Comparing your page to the wrong competitors may affect your analysis badly. Find out how to do it properly.
Search intent varies significantly from one SERP to the next.
Search intent means: what does Google believe the goal of the user making the search? Are they looking to buy something? Read a review about something? Or maybe they’re just looking for information.
That intent is so crucial to setting up your content editor or SERP Analysis. The rules for optimization and keyword density varies hugely, depending on the intent. For example, an e-commerce page may only have 300-400 words, it could be very dense in keywords, whereas a review page has 2500 words and not as dense.
Skipping this step is one of the most common errors some SEOs make.
Don't just blindly rely on the top five results. Take the time to pick your real competitors, don’t just select your top 5 organic competitors.
This is how to pick the right competitors from the top 10:
Define your content type. Even if you’re at the research stage, you’ll want to have in your mind what your intent is.
Exclude pages that serve a different purpose.

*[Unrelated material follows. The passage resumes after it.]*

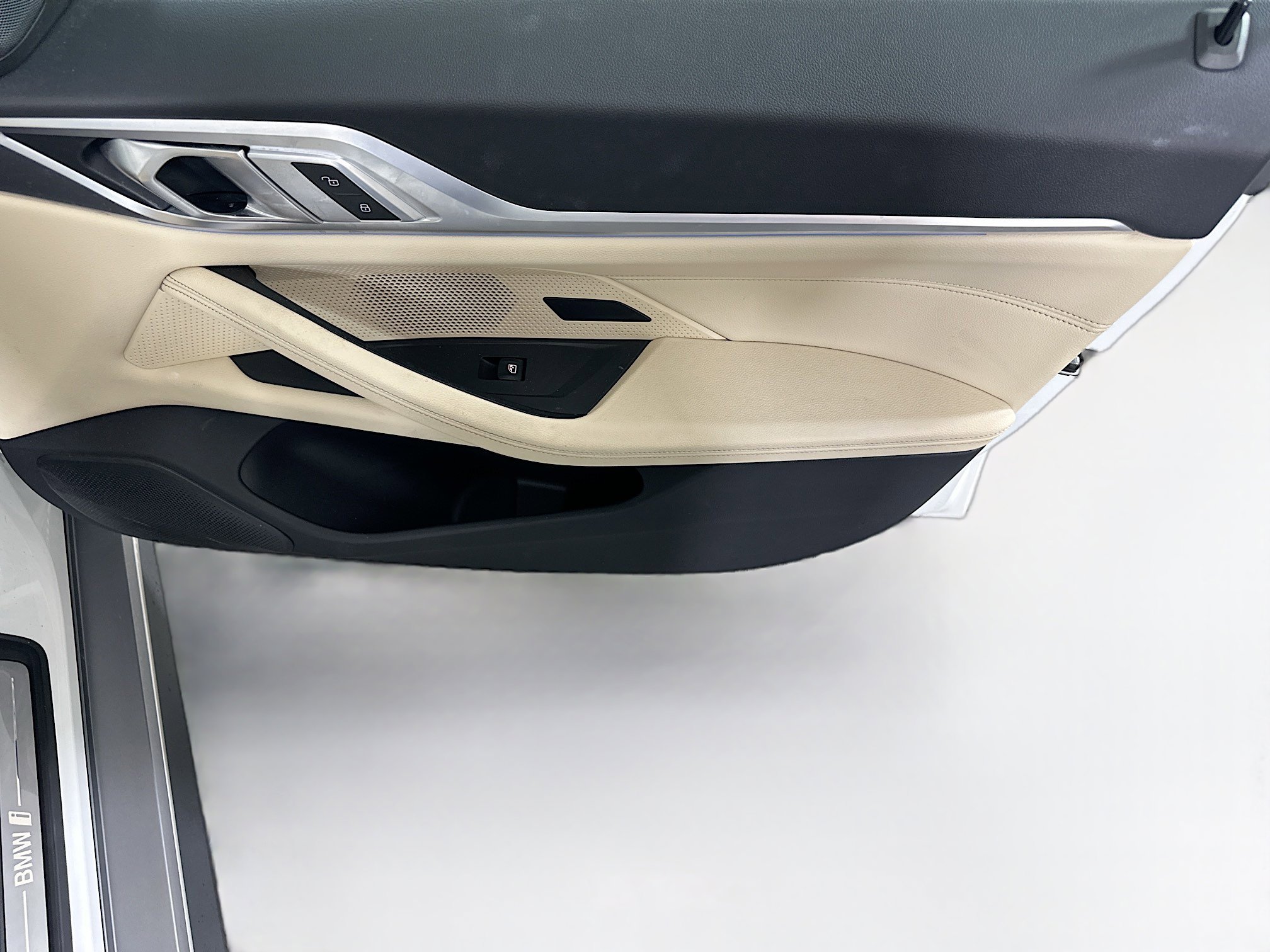 Used 2023 BMW i4 eDrive35 w/ Premium Package image 32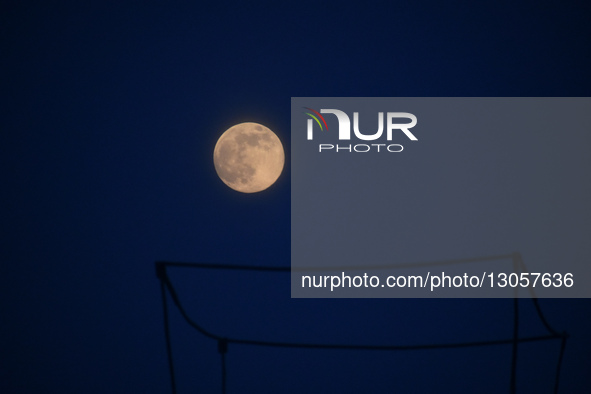 The last supermoon, also known as the cold moon, rises in Srinagar, Kashmir, India, on December 4, 2025.  by Faisal Khan/NurPhoto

Exclude large authority pages that rank because of their authority and backlink profile (e.g., Amazon, eBay, Wikipedia, etc.)

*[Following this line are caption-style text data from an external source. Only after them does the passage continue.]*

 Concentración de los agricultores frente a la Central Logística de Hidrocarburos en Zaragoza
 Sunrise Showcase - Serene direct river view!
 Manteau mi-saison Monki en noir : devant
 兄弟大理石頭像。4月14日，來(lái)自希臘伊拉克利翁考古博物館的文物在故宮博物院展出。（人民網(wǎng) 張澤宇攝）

Remember: we are trying to compare our page to those that are better optimized, Wikipedia doesn’t have to worry about on-page optimization, it’s huge and authoritative.
Pages that are left are the organic competitors you should include in your analysis in Surfer.
As a good rule of thumb, you should only compare your page to pages ranking above you because the assumption is, they have better on-page, which we want to analyze to improve ours.
Check out our blog article, it's highly recommended!
Quick Tip:
When you open a new Search Analysis, all competitors are selected so the first thing you’ll need to do is remove them all and start to select your competitors one-at-a-time.
Look for the "Exclude all pages" under the graph.